I'm very sorry that you are in this situation. It sounds horrible, but despite feeling powerless, you aren't. You are not powerless unless you do nothing. Right now you can start researching your options.


----------



## Em18 (May 1, 2018)

I filed the child support weeks ago. That I did do as soon as he started acring secretive and shady. I'm in Texas. I asked if they could get him to pay but where the $ racks up is if they have to continually serve him. I'm actively trying to get proof. Not sure if this mistress may be pregnant and there are other ramifications to this whole ordeal. He wasn't too happy at all upon getting the child support info in the mail. But I had to do something. I can't depend or trust on his word. No telling where he's spending his moneys.


----------



## Em18 (May 1, 2018)

And he's pretty mad about his family and a few of his friends knowing. Told me I embarrassed myself telling everyone but I wasn't about to suffer in silence. I wanted everyone to see how imperfect he is bc he's never acted tgis way and no one saw this coming.


----------



## Beach123 (Dec 6, 2017)

Start telling him NO! Don't allow him to take a newborn! You need to be sure the baby is fed and cared for!

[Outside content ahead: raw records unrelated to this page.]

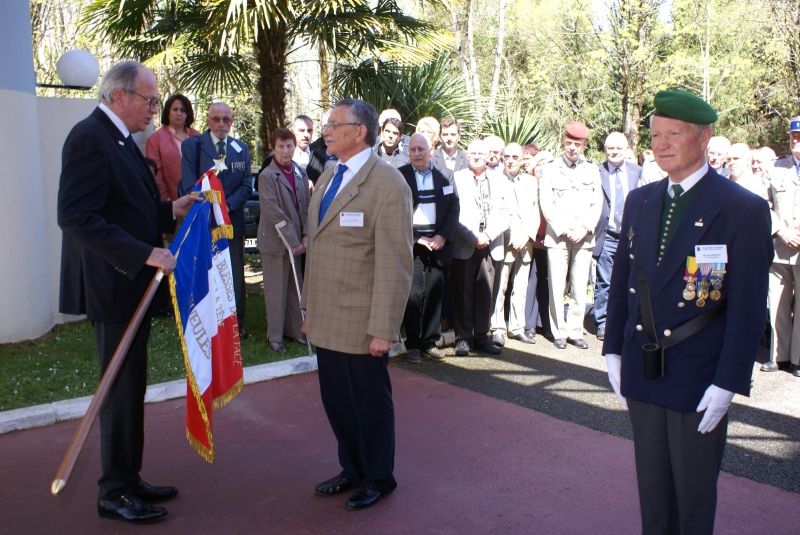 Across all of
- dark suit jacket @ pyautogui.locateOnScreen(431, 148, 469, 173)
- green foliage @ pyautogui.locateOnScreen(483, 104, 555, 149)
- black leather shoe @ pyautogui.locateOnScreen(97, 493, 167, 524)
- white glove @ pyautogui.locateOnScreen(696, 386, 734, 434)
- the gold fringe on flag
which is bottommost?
black leather shoe @ pyautogui.locateOnScreen(97, 493, 167, 524)

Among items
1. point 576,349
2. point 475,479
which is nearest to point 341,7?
point 576,349

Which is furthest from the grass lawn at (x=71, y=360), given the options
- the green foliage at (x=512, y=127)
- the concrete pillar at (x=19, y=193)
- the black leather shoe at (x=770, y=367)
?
the green foliage at (x=512, y=127)

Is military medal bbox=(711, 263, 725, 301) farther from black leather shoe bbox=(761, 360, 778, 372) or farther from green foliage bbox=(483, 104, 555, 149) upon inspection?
green foliage bbox=(483, 104, 555, 149)

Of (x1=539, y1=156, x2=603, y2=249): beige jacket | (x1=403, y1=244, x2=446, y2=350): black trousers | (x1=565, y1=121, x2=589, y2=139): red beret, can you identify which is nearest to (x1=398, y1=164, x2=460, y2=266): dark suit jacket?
(x1=403, y1=244, x2=446, y2=350): black trousers

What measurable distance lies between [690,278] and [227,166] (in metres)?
5.40

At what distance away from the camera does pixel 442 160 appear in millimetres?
7785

IF he wants to see the baby he can visit at your house for short periods of time. Did you file abandonment papers/charges?

He should be paying support money! Make sure he's served at work since you don't know where he lives.

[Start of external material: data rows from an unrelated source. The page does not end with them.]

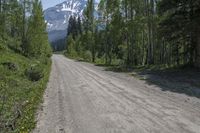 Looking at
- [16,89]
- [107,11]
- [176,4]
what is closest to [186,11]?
[176,4]

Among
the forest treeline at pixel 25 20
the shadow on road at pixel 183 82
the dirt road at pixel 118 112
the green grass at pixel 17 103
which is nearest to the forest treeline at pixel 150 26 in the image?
the shadow on road at pixel 183 82

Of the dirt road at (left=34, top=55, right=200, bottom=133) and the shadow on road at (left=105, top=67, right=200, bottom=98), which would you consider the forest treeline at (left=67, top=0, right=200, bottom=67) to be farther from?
the dirt road at (left=34, top=55, right=200, bottom=133)

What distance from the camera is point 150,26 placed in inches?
1575

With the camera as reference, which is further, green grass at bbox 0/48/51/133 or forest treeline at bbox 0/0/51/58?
forest treeline at bbox 0/0/51/58

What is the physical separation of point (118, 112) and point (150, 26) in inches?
1141

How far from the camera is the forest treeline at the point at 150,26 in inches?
1121

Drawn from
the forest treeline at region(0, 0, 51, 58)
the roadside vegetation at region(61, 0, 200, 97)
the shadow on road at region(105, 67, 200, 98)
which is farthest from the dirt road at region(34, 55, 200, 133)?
the forest treeline at region(0, 0, 51, 58)

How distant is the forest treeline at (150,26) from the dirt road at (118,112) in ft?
38.6

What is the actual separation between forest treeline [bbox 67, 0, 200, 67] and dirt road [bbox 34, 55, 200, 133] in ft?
38.6

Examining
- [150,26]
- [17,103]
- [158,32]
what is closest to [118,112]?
[17,103]

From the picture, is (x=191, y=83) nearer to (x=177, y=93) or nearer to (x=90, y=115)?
(x=177, y=93)

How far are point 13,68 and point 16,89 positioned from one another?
22.9ft

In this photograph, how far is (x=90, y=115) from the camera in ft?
38.5

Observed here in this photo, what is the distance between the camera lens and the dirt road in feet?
32.4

No need to say yes to anything he requests - be strong and say no way!

If nothing else do not answer his calls or communicate in any way. He can contact through attorneys when that time comes.

You take care of yourself and the baby.


----------



## TAMAT (Jun 20, 2015)

Em,

You wrote, *And he's pretty mad about his family and a few of his friends knowing. Told me I embarrassed myself telling everyone but I wasn't about to suffer in silence. I wanted everyone to see how imperfect he is bc he's never acted tgis way and no one saw this coming. *

In that case tell EVERYONE, he's trying to pin this on you, guess what he failed.

Do not suffer in silence for a crime you did not commit, you have no obligation to keep his secrets.

Also put the heat on his mistress.

Tamat


----------



## Beach123 (Dec 6, 2017)

You're not embarrassing yourself! Be honest with everyone!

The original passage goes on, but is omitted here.